The Bible assumes the worst of human nature; God knows us better than we know ourselves. He doesn't offer a plan of government that claims to reduce conflicts. Rather, He reveals His protocols on handling the inevitable violence that is burned into fallen human nature. It's not a question of squelching violence, but channeling it. In other words, it is absolutely impossible to prevent conflicts. Even in the best context, people will disagree about how things should be, and fights will most certainly come.
It is Satan who proposes peace among humans by pulling the center of gravity down to a human level. God says we are wired to respond to His initiative, and that our urges to create something different, something that makes sense to us, is not from Him. To keep us chasing something that could never exist, Satan encourages us to use the words of Scripture as a weapon.

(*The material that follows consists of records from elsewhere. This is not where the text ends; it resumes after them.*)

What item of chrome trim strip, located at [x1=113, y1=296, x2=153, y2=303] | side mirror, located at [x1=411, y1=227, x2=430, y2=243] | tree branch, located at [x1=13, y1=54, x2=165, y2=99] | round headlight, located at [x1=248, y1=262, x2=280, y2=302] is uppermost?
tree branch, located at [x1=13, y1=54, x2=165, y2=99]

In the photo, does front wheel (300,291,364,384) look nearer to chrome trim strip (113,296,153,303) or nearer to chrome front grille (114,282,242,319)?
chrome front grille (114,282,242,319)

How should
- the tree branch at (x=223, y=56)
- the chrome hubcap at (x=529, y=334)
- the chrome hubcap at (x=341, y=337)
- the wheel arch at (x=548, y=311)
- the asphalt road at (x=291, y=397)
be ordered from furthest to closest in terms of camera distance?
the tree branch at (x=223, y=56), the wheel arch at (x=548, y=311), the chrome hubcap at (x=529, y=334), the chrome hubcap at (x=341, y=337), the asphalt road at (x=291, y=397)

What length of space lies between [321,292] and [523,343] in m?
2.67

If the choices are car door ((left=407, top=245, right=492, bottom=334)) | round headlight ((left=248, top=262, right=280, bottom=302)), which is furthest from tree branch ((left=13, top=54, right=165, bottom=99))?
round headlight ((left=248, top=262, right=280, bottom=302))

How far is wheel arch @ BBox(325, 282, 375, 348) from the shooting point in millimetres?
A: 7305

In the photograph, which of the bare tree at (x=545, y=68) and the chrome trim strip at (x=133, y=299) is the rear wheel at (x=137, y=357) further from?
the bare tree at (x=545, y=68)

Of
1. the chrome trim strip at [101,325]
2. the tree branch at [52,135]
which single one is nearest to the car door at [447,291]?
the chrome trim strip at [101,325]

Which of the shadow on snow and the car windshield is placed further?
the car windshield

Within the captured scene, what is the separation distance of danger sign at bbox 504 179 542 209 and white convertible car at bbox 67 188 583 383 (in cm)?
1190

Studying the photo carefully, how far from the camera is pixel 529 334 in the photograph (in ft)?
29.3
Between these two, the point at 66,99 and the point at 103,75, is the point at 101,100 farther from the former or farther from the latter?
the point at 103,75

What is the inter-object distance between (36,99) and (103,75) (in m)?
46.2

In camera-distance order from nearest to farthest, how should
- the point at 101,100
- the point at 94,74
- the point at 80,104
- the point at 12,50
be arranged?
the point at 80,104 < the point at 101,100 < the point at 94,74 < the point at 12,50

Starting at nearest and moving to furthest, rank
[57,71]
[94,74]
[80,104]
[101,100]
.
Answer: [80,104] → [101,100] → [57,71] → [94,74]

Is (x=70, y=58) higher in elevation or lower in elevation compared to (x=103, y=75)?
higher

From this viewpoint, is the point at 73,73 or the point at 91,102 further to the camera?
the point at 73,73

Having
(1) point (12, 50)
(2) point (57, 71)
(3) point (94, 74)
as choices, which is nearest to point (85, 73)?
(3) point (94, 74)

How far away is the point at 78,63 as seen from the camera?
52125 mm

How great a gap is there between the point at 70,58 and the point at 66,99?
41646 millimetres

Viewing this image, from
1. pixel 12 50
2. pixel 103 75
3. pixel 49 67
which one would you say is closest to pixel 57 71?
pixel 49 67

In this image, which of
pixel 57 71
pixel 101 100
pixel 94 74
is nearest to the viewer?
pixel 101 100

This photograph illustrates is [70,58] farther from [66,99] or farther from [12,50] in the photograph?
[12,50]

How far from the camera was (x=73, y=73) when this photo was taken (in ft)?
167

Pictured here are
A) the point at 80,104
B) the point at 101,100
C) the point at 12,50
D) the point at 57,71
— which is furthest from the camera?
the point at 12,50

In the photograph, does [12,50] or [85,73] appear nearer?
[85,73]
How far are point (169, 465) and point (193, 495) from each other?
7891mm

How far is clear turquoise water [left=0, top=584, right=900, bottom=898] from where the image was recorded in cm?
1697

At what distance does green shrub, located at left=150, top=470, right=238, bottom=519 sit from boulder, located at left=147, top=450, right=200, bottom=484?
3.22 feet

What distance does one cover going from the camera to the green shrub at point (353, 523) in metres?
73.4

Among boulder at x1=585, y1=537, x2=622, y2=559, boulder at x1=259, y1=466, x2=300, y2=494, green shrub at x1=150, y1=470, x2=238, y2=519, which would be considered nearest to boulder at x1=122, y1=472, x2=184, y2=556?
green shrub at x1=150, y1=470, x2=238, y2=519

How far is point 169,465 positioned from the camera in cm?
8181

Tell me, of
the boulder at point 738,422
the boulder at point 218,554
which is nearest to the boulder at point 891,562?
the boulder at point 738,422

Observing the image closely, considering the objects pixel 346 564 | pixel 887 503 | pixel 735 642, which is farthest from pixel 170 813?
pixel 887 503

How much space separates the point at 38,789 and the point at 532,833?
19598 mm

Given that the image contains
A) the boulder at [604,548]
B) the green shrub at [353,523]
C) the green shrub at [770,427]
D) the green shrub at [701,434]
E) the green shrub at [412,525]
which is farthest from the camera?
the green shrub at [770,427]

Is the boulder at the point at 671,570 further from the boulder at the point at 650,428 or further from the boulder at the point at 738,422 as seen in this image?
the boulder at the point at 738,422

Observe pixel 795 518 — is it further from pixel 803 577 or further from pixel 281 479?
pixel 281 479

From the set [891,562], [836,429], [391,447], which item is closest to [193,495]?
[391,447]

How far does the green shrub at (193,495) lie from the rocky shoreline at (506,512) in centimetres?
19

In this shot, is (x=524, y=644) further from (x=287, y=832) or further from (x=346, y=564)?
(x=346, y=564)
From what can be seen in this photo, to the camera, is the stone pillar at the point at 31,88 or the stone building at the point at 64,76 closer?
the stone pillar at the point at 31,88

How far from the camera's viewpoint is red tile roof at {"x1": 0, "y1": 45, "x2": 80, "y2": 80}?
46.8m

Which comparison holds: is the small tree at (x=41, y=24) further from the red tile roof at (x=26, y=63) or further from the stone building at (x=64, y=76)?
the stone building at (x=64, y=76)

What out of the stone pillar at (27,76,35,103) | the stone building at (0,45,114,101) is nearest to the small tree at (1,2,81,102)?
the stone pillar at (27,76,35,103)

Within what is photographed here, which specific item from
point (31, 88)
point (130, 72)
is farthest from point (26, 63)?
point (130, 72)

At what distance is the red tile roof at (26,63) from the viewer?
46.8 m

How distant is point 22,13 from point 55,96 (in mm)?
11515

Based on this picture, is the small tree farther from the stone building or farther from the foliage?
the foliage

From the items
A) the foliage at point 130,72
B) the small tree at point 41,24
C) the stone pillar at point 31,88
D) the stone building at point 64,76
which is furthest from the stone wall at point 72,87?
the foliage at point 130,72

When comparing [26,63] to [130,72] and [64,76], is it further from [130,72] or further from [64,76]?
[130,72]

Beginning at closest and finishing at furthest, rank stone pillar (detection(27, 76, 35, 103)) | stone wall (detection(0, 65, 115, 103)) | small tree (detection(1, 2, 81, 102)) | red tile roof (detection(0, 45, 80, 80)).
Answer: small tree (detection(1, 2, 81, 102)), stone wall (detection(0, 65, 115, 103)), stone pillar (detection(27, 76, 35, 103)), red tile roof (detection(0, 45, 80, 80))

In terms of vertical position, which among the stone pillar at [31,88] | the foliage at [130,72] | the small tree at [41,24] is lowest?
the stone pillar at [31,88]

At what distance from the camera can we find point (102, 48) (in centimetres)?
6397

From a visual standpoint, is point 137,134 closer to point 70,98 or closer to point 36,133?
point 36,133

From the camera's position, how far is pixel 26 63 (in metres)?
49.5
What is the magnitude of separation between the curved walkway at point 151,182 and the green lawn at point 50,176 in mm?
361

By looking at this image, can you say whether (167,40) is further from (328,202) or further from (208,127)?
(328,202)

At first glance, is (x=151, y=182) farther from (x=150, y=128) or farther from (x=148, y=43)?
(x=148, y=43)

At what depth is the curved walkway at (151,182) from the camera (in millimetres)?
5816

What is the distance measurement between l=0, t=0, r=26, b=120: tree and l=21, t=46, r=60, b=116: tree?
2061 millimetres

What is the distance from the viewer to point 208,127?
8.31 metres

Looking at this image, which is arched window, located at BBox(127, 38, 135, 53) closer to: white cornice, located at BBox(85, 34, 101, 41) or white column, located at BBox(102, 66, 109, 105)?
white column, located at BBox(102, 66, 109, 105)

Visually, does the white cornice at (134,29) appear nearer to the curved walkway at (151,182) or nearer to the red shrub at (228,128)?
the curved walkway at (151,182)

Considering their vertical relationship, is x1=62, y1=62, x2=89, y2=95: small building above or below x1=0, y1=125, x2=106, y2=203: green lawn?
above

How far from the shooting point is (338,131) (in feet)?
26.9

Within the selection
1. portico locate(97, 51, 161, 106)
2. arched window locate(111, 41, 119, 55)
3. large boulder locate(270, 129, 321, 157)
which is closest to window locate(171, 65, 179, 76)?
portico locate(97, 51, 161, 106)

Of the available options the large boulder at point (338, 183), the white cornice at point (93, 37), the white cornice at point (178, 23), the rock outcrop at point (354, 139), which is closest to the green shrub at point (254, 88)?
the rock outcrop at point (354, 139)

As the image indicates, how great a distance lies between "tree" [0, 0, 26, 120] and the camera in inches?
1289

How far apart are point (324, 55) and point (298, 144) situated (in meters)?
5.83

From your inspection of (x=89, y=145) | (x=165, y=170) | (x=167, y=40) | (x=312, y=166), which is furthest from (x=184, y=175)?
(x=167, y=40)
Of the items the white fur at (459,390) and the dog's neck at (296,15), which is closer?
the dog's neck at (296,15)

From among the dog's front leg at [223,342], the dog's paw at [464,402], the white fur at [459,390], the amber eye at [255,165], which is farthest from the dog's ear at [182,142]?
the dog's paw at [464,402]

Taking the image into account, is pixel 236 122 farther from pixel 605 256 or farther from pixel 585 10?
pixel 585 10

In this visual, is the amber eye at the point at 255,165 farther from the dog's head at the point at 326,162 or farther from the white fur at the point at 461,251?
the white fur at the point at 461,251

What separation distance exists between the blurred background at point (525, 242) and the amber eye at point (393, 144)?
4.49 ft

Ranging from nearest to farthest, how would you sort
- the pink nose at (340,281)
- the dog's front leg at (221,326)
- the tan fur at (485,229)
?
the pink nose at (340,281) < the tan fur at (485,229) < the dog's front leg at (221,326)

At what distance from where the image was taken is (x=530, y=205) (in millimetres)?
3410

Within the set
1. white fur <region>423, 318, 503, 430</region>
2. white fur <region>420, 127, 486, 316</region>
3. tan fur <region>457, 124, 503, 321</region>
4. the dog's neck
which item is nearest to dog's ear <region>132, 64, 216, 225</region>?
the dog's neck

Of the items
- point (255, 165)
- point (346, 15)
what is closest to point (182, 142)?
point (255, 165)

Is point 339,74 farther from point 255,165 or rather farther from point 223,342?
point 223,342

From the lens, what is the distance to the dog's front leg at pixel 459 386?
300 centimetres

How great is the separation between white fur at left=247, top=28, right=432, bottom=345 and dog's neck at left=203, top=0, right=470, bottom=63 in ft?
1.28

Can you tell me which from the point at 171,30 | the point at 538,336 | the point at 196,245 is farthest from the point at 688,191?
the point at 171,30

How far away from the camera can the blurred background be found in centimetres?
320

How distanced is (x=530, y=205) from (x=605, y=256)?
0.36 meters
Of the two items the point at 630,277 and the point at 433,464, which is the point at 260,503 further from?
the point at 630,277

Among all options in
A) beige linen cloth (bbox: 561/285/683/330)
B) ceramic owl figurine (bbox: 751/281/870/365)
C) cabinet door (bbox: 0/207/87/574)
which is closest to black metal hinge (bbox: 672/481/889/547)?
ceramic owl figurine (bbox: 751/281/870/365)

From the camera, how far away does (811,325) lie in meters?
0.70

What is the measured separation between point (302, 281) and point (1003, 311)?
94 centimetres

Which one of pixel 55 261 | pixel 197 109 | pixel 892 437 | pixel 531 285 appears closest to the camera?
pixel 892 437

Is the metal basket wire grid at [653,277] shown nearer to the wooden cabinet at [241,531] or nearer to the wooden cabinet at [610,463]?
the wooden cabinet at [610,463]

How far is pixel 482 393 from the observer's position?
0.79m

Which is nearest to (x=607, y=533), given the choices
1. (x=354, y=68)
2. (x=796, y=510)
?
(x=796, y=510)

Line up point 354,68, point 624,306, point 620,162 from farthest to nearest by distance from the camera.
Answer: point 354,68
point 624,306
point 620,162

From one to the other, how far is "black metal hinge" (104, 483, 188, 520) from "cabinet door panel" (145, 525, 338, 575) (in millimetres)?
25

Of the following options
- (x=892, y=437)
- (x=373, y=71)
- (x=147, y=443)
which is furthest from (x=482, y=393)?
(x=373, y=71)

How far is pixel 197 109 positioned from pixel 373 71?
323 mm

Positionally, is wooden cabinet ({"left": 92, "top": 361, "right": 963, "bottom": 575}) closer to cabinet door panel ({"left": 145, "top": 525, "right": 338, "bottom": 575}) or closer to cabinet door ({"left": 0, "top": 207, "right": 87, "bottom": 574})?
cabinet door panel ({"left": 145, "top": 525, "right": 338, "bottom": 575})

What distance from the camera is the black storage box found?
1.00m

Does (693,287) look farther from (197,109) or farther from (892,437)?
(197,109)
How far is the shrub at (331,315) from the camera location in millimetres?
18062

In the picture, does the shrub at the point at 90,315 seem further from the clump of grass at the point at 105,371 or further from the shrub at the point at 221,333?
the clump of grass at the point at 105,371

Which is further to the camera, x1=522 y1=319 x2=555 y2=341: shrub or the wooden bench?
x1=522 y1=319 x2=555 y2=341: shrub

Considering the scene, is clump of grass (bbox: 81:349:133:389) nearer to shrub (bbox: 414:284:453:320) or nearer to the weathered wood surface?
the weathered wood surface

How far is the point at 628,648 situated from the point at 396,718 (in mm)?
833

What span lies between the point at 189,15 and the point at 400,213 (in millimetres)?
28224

The Devil teaches us to nitpick over particular verses of Scripture, as if each stands alone as some Medo-Persian edict that must be reconciled with the rest. This teaches us to pick and choose our favorite verses. God's Word is woven together to form a single fabric of truth. Stand back and see the pattern; see the whole. The New Testament offers good advice on how to separate and build new covenant communities. The unity of the churches was not in conceptual theology, but in a very pragmatic application of divine truth expressed in symbols. Splintering factions multiplying over particulars is how we reach a wider selection of people. There's a place for everyone.
The whole point of the Apostles' discussion of various heresies is that those variations were in conflict with the fabric of God's truth. The mere existence of variations was not a sin. The Apostles refer only to those that stepped away from revelation. And you'll notice that every heresy they mention was just a repeat of some false doctrine already condemned in the Old Testament.
Go all the way back to the Tower of Babel. God's answer there was alienating everyone into their own family groups, all different from each other, and all blessed in different ways. The kind of unity humans imagine was the very essence of failure, the single issue that brought God's wrath on Nimrod's empire. The symbolism of the narrative points to an effort to reach into Eternity on human terms, rather than to call on God and wait for Him to reveal what He required. Nimrod united the entire human race at that time around his brilliant vision. The unification of that empire was itself a fundamental sin.
God had said, "Spread out and multiply." That doesn't mean just the population, but it points to a proliferation of varied cultural expressions standing on the Covenant of Noah. You go forth into all the planet and build a manifestation of the Code that fits your location and the character of the people. And you keep on splitting up periodically as things morph.
This is why I keep reminding readers not to simply absorb my ideas, but to let my ideas provoke your own search for what God requires of you. You aren't supposed to like all my answers. A consistent theme of this blog is posing good questions. The whole point of Radix Fidem is meta: How should we approach the task? Religion means trying to express your faith. Faith is ineffable; it cannot be defined in human terms, but it can be expressed. How do you manifest your faith? What does it take for you to find peace with God? We are trying to find a common theme with every expectation of differentiation in outcomes.
The best human government we could possibly have under the Code have will result in elders and priestly figures peacefully breaking off and forming new covenant families every few generations. Anything else man devises must of necessity result in oppression and war, because it will always be something less than God's design.